AI is relentlessly focused on its assigned task. It does not tire, become hungry or get distracted by bodily desires or idle curiosity. Once given a goal, it directs all its energy toward achieving it. This provides a sharp contrast to human life, where distractions abound and our spiritual goals are often sidelined by comfort or habit. Teshuvah requires recovering that clarity of focus. Torah and mitzvos define the ultimate purpose of life, but staying directed toward them takes conscious effort. AI’s single-minded drive reminds us of the concentration we should bring to avodas Hashem.
None of this implies that AI is capable of spirituality. Machines cannot repent. However, their structures and patterns echo truths about human growth.

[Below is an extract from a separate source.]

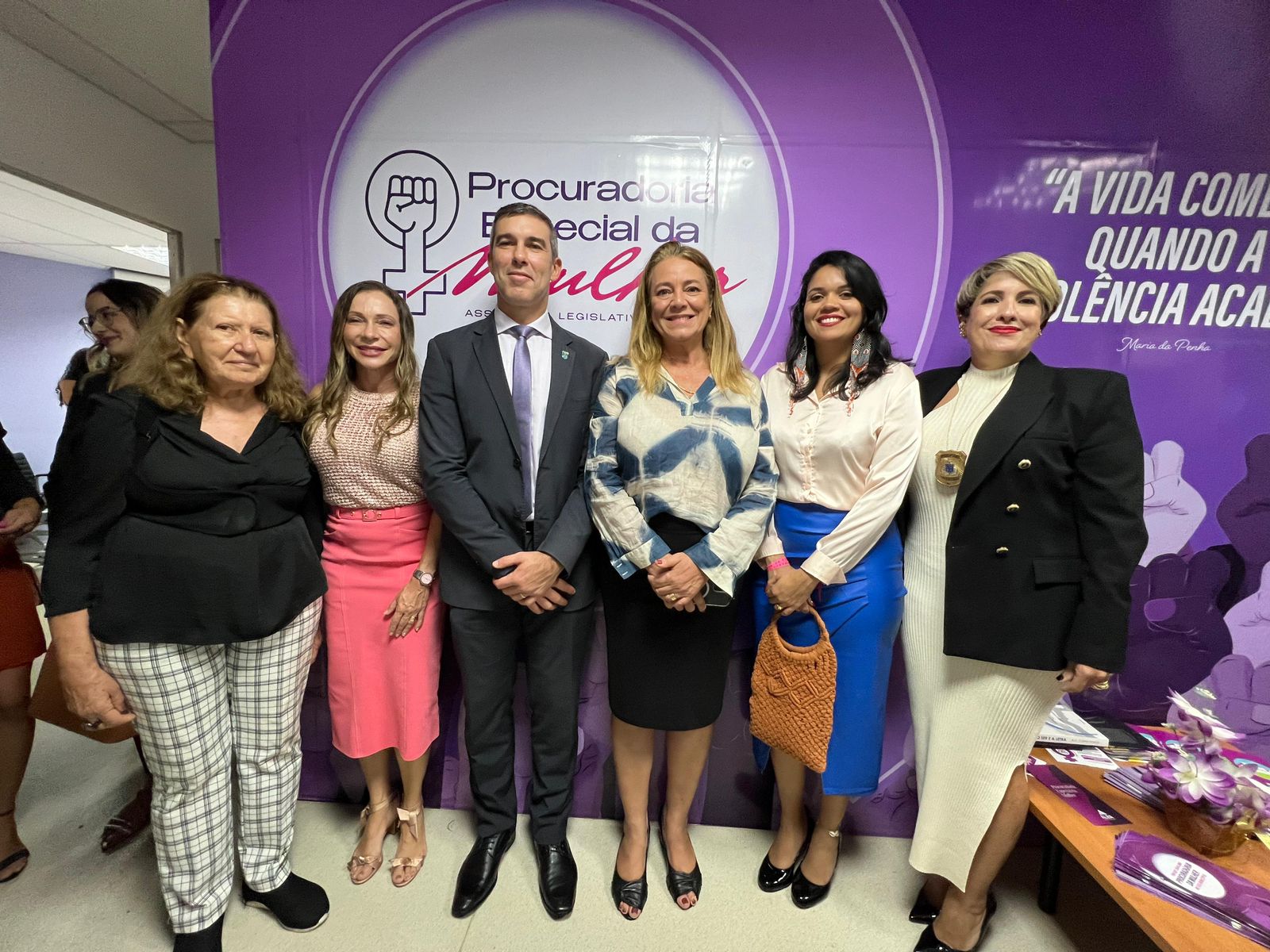 Evento foi idealizado pela deputada estadual e procuradora especial da Mulher da Assembleia, Fabiola Mansur (PSB)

Iteration, which falls short of teshuvah, shows how people often drift into cycles of repeated sin. Humility teaches openness to correction. Focus teaches determination. Without the willingness to change, people not only remain flawed but descend further. A car that is not regularly serviced breaks down. Similarly, a person who does not regularly reevaluate and adjust his conduct, devolves into antisocial behavior. AI, a creation of human ingenuity, unintentionally reflects some of the same principles that sustain spiritual life. It shows us where we can go wrong, and also where we can go right: committed, humble and focused correction leads to lasting transformation.